REPUBLIKA.CO.ID, JAKARTA -- Bahasa ada jauh sebelum muncul budaya tulis-menulis. Komunikasi lisan menggantikan teriakan dan gerakan yang masih digunakan oleh primata. Tetapi, meski budaya tulis-menulis muncul belakangan, justru mampu mendapatkan tempat krusial, tepat di jantung peradaban.
Fredrik Barth dalam Ethnic Groups and Boundaries: The Social Organization of Culture Difference, munculnya sistem penulisan bertepatan dengan transisi dari masyarakat pemburu-pengumpul kepada masyarakat yang menetap dan bertani. Mereka merasa perlu menghitung properti, seperti bidang tanah, jumlah hewan, perawatan gandum, dan lain-lain.
Sekira 4100-3800 sebelum Masehi (SM), hitung-menghitung mulai menjadi simbol yang banyak dijumpai di tanah-tanah. Simbol tersebut menjadi catatan untuk biji-bijian atau ternak. Saat itulah bahasa 'menulis' mulai berkembang. Salah satu contoh paling awal ditemukan dalam penggalian dari Uruk di Mesopotamia.

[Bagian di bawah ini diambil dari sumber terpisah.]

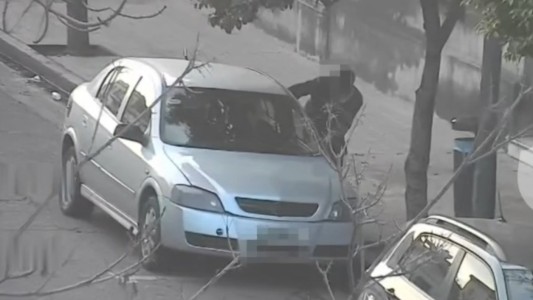 Intentó robar un auto en el centro de Córdoba y lo detuvieron: su cómplice logró escapar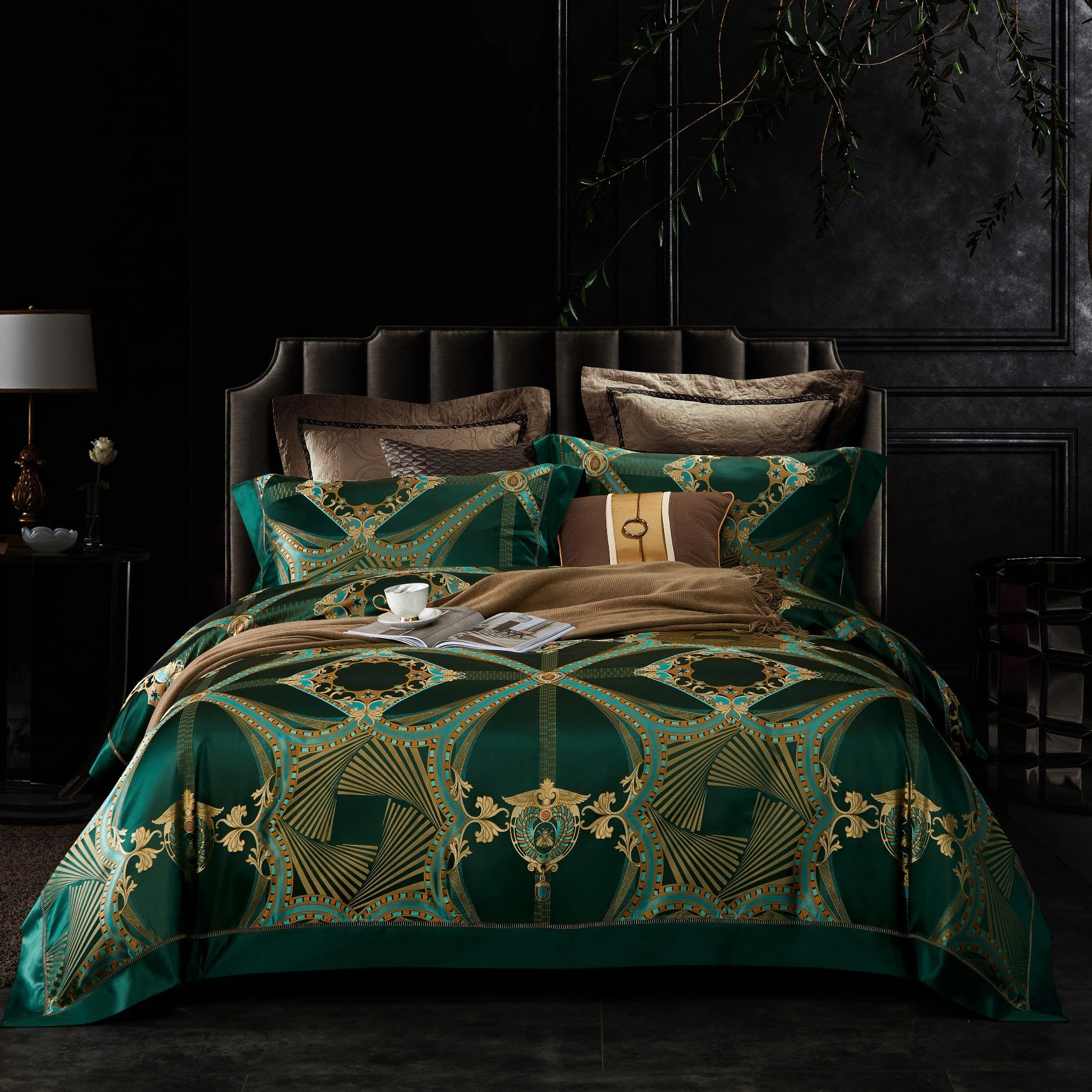 

ODM/OEM European and American Style 100% Mulberry Silk Top Luxury Retro Soft Silky Green 4pcs Bedding Set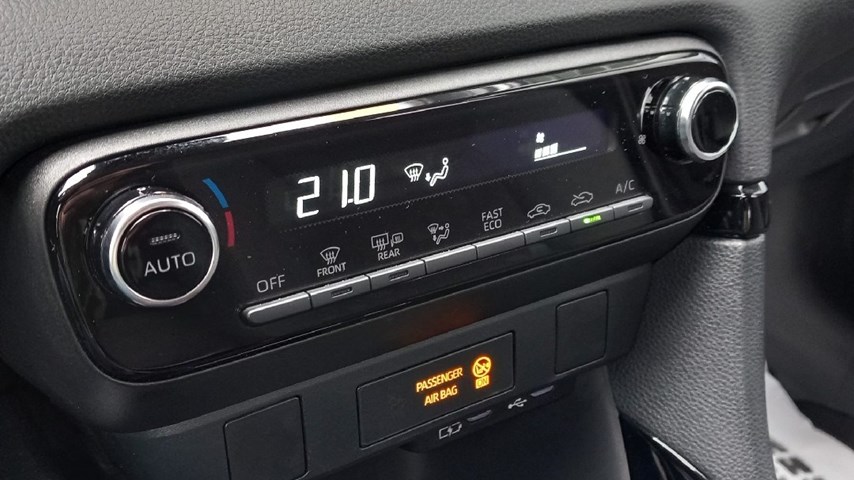 RABLJENO VOZILO TOYOTA YARIS SOL ASSIST 1,5 HIBRID Automatski mjenjač BENZIN 224489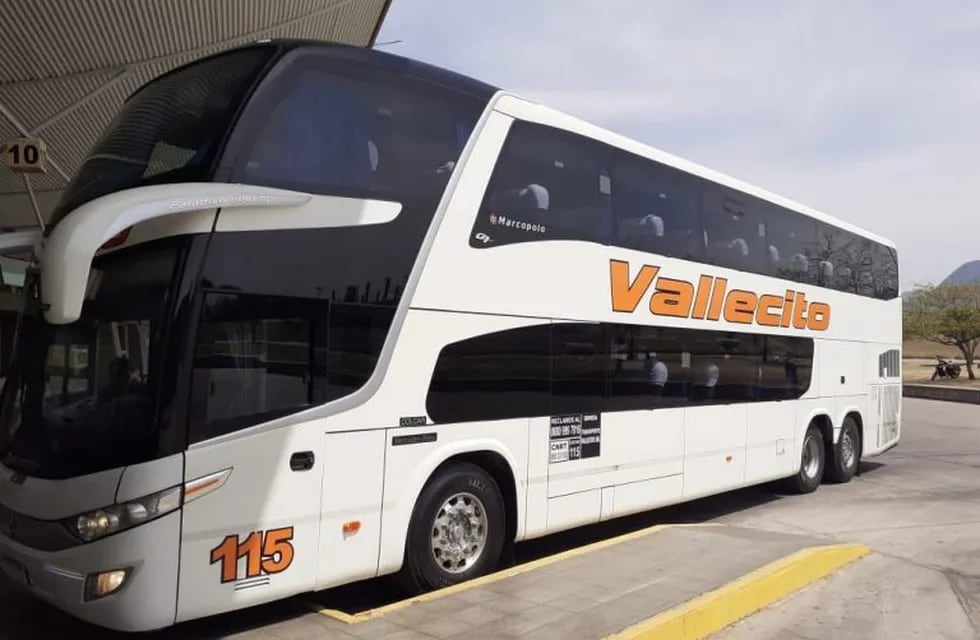 La Rioja y San Juan: Comenzó a funcionar el nuevo servicio de transporte entre ambas provincias a través de los Parques Talampaya e Ischigualastro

Bahasa tulis adalah produk dari masyarakat agraris. Masyarakat tersebut berpusat di sekitar lokasi budi daya gandum. Hasil alami dari budi daya dan penyimpanan gabah untuk produksi bir. Karena itu, beberapa prasasti tua ditulis terkait dengan perayaan bir.
Tulis-menulis pada dasarnya merupakan pengembangan dari ekspresi bahasa. Dalam sejarahnya, tulisan merepresentasikan bahasa melalui grafis-grafis yang berkembang sepanjang peradaban manusia.
Tulis-menulis diawali dengan proto-menulis, sistem ideografik atau yang paling awal seperti simbol mnemonic, yang digunakan untuk menghafal dengan bantuan berupa singkatan atau pengandaian dengan benda.